# **About this notebook**

#### I will share the reasons why my score got worse from 0.528(ver6) to 0.546(ver15) and how I could improve it back to 0.528(ver19) in my shared notebook.
※　My shared notebook is Pytorch BERT Beginner's Room : https://www.kaggle.com/chumajin/pytorch-bert-beginner-s-room. 
#### It is because of reproducibility, I will show you how to get stable results from which I found in my simple experiment.

### **I'm looking forward to helping you, I would be glad if you could upvote!**
### Thank you to those who have upvoted before!


------------------------------以下、日本語です-----------------------------------
#### このノートブックでは、以下の私のシェアしたnotebookで、なぜスコアが0.528(ver7)から0.546(ver9)に悪化し、それを改善して0.528(ver10)に戻せたかの理由をシェアします。
※ https://www.kaggle.com/chumajin/pytorch-bert-beginner-s-room-version　

#### 一言で言えば、再現性の問題で、簡単な実験から理解した安定してデータを出すコードの書き方を示します。

#### 何かしらお役に立てたら幸いです。

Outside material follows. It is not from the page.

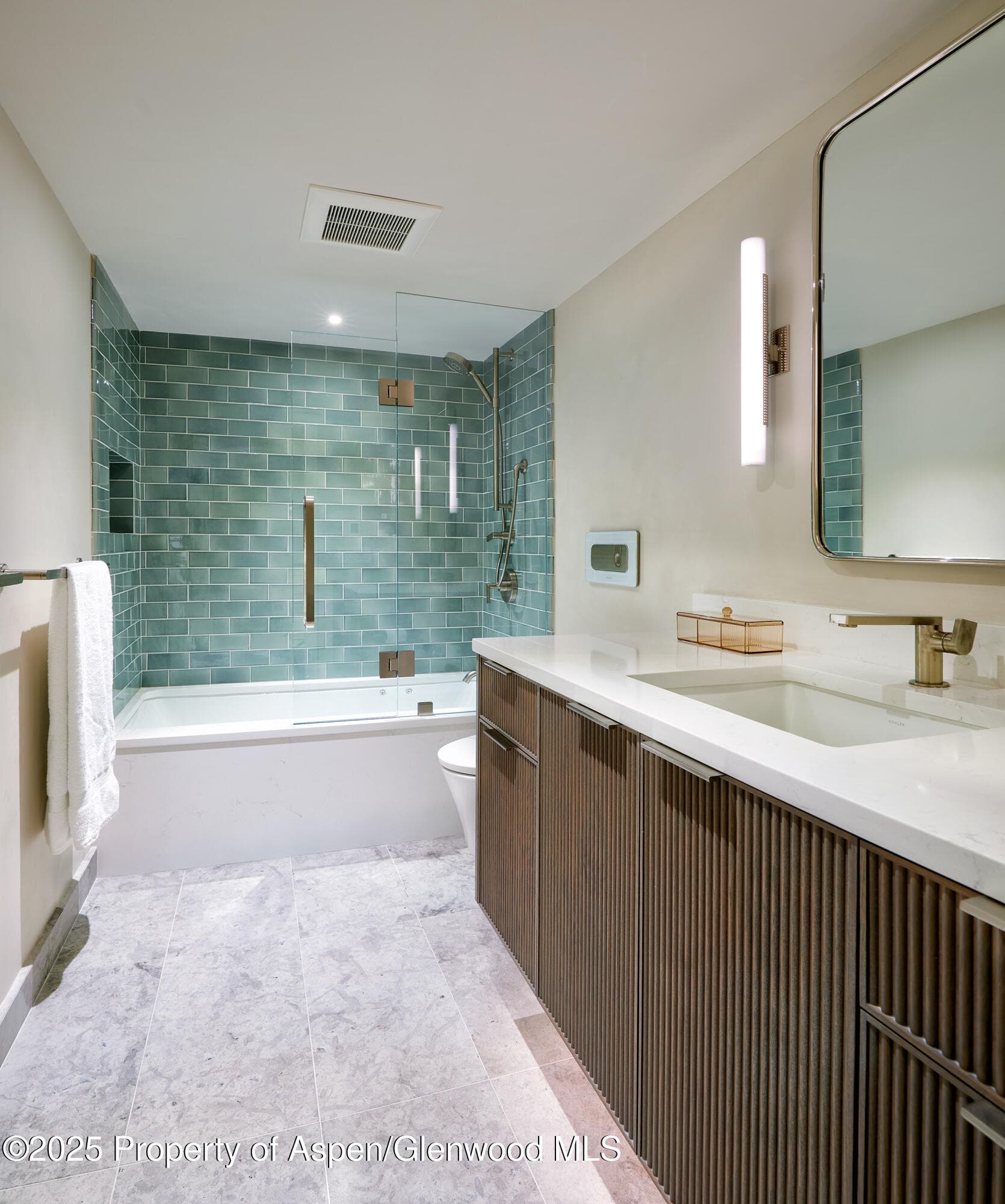 1039 E Cooper Avenue 14A, Aspen, CO 81611 - Photo 16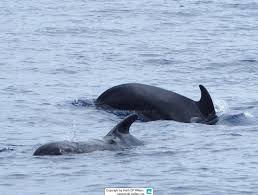 Image result for Globicephala melas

**upvote/フォローして頂けたら嬉しいです！**
#### 他のnotebookもupvoteして頂けた方ありがとうございます！

# **0. Preparation**
下準備

In [None]:
import numpy as np 
import pandas as pd 
import os

import torch
import torch.nn as nn
from torch.utils.data import DataLoader, Dataset
from tqdm import tqdm
import matplotlib.pyplot as plt 

import transformers
import random


import warnings
warnings.simplefilter('ignore')

scaler = torch.cuda.amp.GradScaler() # GPUでの高速化。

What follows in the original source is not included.